-- DATASET EXCERPTS follows --

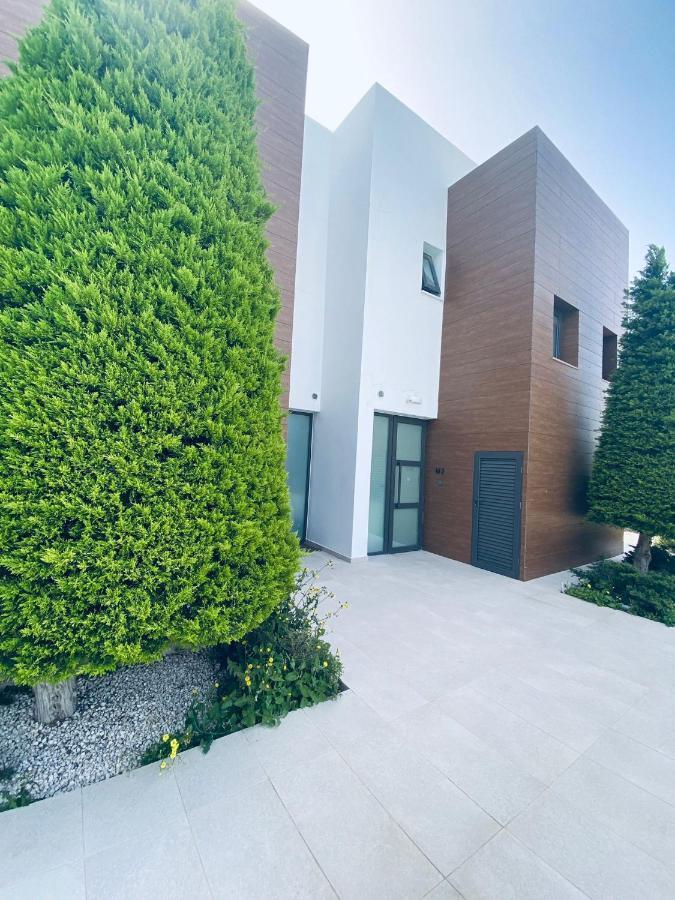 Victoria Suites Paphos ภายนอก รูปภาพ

-- DATASET EXCERPTS concluded --
-- DATASET EXCERPTS follows --

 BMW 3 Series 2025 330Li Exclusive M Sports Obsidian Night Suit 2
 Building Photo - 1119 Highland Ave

-- DATASET EXCERPTS concluded --

→ EXERCISE DETAILS: Reproduce only the lines above spanning from the line containing "BMW 3 Series" through the line containing "Building Photo - 1119 Highland Ave", word for word.

→ THE ANSWER:
 BMW 3 Series 2025 330Li Exclusive M Sports Obsidian Night Suit 2
 Building Photo - 1119 Highland Ave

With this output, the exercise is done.